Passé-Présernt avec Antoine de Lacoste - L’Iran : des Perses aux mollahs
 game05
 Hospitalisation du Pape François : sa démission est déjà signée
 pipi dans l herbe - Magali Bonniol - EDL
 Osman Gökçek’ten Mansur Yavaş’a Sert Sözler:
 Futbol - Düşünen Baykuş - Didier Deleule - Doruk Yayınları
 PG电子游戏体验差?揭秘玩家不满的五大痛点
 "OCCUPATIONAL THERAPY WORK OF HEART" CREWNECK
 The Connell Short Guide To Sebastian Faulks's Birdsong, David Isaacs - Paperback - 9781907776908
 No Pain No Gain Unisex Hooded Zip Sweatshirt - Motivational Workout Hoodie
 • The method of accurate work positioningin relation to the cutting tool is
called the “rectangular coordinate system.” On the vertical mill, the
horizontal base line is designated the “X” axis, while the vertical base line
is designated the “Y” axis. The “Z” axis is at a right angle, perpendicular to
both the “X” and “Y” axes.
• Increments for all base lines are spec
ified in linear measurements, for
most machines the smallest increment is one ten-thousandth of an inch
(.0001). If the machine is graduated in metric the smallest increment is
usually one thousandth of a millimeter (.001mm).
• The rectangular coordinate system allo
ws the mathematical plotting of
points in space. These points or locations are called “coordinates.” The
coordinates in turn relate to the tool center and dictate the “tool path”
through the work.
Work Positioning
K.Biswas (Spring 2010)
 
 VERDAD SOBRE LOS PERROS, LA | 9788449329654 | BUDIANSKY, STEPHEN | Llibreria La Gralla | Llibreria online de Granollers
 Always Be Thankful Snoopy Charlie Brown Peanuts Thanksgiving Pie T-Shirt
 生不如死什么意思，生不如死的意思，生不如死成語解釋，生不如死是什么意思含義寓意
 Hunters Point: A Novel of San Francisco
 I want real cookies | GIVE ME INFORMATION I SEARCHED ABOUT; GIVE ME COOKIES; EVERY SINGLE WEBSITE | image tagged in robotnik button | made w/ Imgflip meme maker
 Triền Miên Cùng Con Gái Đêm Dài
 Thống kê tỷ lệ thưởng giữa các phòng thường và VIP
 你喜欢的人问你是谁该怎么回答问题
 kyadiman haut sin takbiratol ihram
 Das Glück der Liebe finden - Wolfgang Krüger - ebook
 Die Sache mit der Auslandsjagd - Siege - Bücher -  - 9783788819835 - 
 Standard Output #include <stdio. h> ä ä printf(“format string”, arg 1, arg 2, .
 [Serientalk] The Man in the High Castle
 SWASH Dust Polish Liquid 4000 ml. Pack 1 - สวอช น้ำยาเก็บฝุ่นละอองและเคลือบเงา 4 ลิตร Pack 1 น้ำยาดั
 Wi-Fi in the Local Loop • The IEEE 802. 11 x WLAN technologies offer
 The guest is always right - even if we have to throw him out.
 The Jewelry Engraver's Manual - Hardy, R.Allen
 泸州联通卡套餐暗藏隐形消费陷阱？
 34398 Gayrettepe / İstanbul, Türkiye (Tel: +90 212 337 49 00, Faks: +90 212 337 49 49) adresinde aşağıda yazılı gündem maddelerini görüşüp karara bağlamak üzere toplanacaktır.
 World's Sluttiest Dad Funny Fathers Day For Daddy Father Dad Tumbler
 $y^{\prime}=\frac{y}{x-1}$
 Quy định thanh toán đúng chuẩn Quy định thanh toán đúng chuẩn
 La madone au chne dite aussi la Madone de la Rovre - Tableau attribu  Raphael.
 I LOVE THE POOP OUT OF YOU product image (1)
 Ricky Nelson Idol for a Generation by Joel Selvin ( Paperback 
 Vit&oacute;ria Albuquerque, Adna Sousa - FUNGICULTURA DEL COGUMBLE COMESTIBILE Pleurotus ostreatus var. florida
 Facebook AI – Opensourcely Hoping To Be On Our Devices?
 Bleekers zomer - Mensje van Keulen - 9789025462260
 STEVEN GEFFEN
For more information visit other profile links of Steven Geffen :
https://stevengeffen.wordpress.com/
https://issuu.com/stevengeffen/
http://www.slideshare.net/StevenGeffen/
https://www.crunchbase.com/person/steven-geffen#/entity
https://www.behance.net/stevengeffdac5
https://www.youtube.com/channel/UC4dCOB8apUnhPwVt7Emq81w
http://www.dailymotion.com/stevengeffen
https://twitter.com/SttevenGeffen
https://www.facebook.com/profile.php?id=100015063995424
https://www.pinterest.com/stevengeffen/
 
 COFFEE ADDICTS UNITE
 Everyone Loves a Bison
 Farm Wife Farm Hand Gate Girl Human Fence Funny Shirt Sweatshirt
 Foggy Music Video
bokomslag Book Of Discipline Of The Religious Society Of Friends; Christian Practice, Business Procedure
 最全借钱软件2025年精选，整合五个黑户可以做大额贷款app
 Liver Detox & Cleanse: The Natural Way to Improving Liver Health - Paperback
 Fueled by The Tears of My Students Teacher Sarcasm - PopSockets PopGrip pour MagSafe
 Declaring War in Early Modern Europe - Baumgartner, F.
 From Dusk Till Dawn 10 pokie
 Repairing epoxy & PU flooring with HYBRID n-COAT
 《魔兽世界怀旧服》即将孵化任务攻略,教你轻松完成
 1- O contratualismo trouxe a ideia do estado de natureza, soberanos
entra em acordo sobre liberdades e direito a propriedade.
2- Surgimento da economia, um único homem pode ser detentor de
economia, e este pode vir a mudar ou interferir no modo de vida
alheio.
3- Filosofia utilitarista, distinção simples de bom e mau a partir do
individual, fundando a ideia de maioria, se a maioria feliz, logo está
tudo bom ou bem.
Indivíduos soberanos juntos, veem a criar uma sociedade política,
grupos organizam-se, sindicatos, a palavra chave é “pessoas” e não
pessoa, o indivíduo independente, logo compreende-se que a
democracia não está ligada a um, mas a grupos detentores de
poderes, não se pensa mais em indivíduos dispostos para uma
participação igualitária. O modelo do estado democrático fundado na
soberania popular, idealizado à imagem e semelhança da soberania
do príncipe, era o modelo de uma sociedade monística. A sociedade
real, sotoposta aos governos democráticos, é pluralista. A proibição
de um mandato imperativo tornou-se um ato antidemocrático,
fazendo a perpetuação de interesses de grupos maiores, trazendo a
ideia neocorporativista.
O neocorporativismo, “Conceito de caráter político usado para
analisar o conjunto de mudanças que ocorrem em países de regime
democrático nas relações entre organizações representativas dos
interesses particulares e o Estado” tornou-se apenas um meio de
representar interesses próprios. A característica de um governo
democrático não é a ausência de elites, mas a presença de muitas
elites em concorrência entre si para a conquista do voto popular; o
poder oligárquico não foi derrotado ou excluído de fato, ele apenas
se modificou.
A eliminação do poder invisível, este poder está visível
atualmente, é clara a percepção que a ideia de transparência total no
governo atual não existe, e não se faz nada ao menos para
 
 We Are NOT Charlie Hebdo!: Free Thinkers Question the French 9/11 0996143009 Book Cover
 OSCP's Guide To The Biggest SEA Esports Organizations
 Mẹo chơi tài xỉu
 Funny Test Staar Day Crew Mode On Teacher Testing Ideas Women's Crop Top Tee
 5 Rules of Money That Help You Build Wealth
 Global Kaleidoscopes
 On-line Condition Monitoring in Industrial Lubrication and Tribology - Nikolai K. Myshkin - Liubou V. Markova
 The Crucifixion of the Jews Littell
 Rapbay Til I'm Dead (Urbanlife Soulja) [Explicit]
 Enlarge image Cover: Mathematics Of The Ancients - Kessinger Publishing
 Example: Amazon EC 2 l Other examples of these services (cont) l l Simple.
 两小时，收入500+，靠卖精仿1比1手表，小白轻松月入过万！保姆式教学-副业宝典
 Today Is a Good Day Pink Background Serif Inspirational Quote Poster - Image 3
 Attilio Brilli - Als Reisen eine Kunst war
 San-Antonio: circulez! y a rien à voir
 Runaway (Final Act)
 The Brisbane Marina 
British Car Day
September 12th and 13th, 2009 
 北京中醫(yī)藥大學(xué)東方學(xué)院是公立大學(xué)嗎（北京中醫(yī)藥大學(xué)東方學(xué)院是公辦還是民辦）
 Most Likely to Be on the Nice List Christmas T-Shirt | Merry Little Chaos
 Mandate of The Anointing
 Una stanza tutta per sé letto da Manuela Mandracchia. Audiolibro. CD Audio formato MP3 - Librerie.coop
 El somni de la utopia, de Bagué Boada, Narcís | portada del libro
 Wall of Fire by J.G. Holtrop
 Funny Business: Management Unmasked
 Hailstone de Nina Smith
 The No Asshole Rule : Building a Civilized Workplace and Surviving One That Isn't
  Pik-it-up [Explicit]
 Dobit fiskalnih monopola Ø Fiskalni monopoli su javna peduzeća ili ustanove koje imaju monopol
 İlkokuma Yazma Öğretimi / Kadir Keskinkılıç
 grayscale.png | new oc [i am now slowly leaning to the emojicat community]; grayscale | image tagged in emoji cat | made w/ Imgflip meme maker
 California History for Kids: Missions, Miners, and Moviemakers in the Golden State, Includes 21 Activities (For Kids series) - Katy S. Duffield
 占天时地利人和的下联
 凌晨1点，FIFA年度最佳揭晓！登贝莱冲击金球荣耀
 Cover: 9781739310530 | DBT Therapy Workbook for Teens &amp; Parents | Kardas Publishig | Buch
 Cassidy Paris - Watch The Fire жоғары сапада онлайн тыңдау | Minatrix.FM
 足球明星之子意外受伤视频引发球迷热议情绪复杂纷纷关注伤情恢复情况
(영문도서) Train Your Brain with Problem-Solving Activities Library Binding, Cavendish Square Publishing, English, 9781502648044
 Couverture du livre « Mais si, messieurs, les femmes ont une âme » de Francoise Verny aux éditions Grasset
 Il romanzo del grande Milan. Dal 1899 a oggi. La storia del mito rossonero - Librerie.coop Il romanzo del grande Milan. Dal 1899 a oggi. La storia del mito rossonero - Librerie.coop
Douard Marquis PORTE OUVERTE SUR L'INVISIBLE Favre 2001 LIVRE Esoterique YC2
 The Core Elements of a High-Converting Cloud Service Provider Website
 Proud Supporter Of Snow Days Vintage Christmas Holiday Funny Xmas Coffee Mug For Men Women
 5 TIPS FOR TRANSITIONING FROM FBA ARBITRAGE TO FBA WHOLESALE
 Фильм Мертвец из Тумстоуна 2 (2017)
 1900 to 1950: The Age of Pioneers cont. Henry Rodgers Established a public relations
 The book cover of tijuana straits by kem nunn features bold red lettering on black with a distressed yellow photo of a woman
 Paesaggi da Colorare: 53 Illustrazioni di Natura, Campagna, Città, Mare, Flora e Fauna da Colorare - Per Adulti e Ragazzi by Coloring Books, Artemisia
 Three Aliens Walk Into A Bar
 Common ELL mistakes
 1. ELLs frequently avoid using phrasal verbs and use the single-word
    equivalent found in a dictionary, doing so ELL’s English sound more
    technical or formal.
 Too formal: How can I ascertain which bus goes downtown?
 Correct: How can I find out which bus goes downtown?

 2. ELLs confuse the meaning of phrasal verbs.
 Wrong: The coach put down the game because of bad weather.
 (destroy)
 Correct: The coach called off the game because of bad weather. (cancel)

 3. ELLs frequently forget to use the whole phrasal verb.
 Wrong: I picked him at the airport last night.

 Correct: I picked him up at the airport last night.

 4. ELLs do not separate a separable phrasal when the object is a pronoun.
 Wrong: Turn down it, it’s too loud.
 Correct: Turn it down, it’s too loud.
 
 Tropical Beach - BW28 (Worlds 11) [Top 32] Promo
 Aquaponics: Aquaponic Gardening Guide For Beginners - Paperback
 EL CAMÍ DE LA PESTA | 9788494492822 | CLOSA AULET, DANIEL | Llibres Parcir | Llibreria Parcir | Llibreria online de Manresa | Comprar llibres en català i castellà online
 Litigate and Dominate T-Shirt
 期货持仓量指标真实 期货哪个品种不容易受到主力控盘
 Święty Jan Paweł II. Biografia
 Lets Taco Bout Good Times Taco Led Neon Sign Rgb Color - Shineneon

──────

### WORK TASK
Your answer should consist solely of the lines above from the line with "do príncipe, era" to the line with "se modificou.", both included, reproduced exactly.

### YOUR RESPONSE
do príncipe, era o modelo de uma sociedade monística. A sociedade
real, sotoposta aos governos democráticos, é pluralista. A proibição
de um mandato imperativo tornou-se um ato antidemocrático,
fazendo a perpetuação de interesses de grupos maiores, trazendo a
ideia neocorporativista.
O neocorporativismo, “Conceito de caráter político usado para
analisar o conjunto de mudanças que ocorrem em países de regime
democrático nas relações entre organizações representativas dos
interesses particulares e o Estado” tornou-se apenas um meio de
representar interesses próprios. A característica de um governo
democrático não é a ausência de elites, mas a presença de muitas
elites em concorrência entre si para a conquista do voto popular; o
poder oligárquico não foi derrotado ou excluído de fato, ele apenas
se modificou.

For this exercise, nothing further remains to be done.